Is it really this nice everyday?

As the day has gone by I can’t help but notice the colors, the smells and the textures of everything. Was it like this yesterday? the day before and the day before that? Was the sky really this deep cornflower blue? Did the wind actually feel like this as it ruffled my jacket and pricked the little hairs on my arms?

It is like awakening from a dull dream. A dream without color, or sensation. I am in awe of all that is around me today. I somehow existed without noticing. Without being truly mindful of what was here. It is like some switch has been flipped. I have spent the day reveling in the beauty of the experience. The joy of my unfurling senses coming alive and taking in this vast expanse of stimuli all around me.

I wish there was a way to adequately describe the change, but I find my fingers failing in an attempt to put words on the page.

When the DSM describes depression symptoms it gives you a basic rundown of what needs to exist in order for a person to be clinically depressed. It doesn’t come close to actually describing what the existence in a depression is truly like. It takes a day like today, for me to even comprehend it myself. The degree to which it dulls the senses, and the way it blunts the architecture of the world as we experience it. That isn’t there in the DSM-IV. The slowing of time as we move through it. The way it creates a sensation of treading water, never really moving forward, just fighting to stay afloat. The way the days blur together, no defining edges, or moments, just the monotony of existence. A depressed existence. I think it is as much the absence of stimulus as it is the sadness and hopelessness that makes it so awful. Life is so much more than what we feel. It is what we see and taste and smell. The world brims with so many opportunities for our senses to come alive. In a depression there is no response. The world is still there, just as it was yesterday. I just couldn’t see it, or feel it, let alone taste it.

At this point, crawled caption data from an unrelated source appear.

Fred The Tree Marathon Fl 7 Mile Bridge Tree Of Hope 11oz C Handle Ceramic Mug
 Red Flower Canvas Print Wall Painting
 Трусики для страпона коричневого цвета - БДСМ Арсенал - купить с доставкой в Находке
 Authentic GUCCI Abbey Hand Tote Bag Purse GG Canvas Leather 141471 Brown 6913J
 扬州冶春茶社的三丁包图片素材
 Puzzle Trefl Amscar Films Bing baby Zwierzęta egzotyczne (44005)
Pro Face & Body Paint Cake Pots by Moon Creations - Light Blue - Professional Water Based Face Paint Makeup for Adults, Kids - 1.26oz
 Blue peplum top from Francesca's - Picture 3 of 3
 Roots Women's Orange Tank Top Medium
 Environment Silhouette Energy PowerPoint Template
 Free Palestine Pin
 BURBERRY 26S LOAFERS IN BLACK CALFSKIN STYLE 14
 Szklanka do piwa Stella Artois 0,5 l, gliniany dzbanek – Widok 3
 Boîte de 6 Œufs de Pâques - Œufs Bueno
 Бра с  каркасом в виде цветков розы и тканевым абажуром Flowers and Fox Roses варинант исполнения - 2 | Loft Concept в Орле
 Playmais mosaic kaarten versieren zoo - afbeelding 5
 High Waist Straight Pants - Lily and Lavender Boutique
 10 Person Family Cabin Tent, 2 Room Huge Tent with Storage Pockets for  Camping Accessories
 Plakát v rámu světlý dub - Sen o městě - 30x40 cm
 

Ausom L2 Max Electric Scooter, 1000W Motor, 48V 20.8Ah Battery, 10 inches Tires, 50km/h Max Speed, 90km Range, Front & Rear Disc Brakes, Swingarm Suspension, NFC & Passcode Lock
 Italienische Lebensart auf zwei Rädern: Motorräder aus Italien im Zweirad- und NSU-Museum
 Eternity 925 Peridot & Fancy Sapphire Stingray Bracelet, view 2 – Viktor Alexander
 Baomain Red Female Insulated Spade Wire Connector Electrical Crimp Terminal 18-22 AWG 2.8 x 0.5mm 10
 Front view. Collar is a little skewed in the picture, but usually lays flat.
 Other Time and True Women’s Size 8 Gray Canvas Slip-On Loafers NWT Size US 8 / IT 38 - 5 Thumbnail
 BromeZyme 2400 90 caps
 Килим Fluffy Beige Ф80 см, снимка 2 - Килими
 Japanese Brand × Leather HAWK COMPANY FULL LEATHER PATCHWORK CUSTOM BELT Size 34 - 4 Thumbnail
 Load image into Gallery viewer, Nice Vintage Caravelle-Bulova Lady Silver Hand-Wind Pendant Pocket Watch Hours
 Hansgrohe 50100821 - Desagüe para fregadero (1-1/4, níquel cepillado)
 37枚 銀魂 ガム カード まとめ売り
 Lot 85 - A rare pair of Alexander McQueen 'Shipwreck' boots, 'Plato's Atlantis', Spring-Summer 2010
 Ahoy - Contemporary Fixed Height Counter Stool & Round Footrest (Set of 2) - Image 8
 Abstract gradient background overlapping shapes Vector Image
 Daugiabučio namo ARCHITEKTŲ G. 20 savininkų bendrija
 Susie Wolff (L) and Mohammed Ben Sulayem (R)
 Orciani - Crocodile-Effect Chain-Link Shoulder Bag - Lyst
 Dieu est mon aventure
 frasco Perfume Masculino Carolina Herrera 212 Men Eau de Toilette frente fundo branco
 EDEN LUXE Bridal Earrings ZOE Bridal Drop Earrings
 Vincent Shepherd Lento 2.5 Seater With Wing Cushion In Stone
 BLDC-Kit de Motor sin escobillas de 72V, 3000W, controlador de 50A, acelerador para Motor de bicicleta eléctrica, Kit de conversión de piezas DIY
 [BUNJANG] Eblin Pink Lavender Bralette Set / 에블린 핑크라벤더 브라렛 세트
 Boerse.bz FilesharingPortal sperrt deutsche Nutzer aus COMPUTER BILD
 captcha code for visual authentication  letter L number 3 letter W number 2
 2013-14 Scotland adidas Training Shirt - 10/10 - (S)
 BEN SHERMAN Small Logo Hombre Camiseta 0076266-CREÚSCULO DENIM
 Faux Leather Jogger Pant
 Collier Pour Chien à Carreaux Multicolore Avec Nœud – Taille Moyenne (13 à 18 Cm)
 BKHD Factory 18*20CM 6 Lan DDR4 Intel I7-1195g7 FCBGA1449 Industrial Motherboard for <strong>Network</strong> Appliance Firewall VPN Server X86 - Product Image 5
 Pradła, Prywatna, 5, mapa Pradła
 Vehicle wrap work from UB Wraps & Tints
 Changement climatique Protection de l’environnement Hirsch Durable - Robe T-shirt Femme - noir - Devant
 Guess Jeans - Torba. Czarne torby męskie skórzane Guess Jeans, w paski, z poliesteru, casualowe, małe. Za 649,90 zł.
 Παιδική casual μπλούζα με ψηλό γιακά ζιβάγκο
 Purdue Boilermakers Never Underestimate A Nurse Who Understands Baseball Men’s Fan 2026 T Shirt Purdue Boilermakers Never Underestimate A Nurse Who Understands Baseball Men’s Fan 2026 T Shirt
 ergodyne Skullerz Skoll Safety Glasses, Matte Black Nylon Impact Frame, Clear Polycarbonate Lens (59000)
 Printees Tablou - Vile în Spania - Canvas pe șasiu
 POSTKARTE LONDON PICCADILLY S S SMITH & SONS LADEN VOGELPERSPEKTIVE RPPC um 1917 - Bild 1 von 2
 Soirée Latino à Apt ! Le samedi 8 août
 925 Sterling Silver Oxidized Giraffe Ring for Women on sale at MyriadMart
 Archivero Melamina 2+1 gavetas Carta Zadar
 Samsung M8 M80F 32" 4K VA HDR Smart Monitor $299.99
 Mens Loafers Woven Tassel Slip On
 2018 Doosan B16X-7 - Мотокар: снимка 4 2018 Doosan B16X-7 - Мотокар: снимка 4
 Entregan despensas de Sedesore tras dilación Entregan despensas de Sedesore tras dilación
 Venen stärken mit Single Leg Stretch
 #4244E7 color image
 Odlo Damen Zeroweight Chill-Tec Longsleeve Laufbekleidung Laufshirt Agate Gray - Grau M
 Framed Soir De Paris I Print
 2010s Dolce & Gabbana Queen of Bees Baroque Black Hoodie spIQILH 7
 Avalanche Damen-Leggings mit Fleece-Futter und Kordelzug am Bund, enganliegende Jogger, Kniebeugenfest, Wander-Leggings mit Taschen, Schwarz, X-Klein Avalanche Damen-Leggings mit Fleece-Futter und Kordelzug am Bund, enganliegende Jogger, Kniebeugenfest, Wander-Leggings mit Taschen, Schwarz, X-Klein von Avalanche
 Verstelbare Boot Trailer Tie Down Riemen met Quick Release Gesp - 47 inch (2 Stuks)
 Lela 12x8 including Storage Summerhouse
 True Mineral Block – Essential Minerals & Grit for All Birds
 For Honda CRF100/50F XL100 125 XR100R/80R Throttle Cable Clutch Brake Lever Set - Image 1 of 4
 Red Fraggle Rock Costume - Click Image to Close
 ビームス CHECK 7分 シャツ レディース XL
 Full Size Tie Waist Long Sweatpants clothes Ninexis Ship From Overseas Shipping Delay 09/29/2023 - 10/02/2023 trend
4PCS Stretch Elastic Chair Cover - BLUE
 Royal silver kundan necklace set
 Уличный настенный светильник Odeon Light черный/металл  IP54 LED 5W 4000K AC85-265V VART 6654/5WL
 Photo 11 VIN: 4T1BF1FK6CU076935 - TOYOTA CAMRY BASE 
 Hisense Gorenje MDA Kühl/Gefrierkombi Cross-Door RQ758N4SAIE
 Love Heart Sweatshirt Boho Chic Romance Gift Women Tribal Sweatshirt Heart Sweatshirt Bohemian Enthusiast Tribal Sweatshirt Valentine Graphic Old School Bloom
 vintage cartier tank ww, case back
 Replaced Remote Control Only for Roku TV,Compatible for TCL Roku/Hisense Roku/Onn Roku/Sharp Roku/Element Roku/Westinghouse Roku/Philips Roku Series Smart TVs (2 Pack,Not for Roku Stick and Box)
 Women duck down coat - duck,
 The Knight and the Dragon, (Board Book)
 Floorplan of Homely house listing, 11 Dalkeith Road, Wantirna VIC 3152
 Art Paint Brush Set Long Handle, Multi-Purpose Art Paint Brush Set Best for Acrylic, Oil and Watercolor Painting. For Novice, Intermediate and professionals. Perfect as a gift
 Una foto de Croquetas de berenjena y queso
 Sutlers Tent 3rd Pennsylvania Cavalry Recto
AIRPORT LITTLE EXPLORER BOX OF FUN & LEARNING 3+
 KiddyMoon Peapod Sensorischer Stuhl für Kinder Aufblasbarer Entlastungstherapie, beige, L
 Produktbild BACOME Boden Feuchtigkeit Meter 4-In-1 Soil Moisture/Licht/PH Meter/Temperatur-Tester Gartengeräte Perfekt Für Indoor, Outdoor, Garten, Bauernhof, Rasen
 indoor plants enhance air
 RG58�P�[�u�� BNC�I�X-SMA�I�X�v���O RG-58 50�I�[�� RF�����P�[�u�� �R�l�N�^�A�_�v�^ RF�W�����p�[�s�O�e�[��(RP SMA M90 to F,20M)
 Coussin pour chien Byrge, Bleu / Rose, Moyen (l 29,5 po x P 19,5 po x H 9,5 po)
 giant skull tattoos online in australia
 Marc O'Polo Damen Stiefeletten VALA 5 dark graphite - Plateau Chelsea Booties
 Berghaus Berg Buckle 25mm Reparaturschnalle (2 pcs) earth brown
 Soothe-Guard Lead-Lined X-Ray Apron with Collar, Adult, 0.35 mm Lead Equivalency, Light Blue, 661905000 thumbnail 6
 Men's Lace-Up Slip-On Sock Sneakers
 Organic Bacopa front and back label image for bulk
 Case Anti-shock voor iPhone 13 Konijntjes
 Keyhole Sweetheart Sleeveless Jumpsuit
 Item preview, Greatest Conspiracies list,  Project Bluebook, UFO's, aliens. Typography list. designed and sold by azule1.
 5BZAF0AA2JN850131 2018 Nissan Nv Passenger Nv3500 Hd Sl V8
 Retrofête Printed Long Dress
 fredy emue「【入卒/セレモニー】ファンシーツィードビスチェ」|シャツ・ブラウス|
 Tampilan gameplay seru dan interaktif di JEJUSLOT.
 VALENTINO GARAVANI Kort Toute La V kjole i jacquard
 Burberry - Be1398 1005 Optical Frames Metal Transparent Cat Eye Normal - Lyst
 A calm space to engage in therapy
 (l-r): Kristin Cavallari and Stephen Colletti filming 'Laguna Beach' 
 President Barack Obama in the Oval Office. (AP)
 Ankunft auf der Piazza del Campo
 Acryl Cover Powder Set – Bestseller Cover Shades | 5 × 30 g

I think it may have to do with the intensity of the emotions and suffering. There may not be any room for all the world has to offer. It would be too much. so rather than allow ourselves to experience everything, our brain shuts down. Only allows the most severe stimuli to register. Only the most powerful of emotions. Our existence becomes so small and confined. So rife with exhausting emotions with nothing to balance them. It is different when our senses are all alive and functioning. The stress suddenly has to compete with the most beautiful of sunsets, or the deep luscious red of the climbing rose outside the window. There is something more to life than just the negative. There is beauty, there is magnificence. If only we are able to open up our eyes and see it. Depression robs us of this ability. It robs us blind.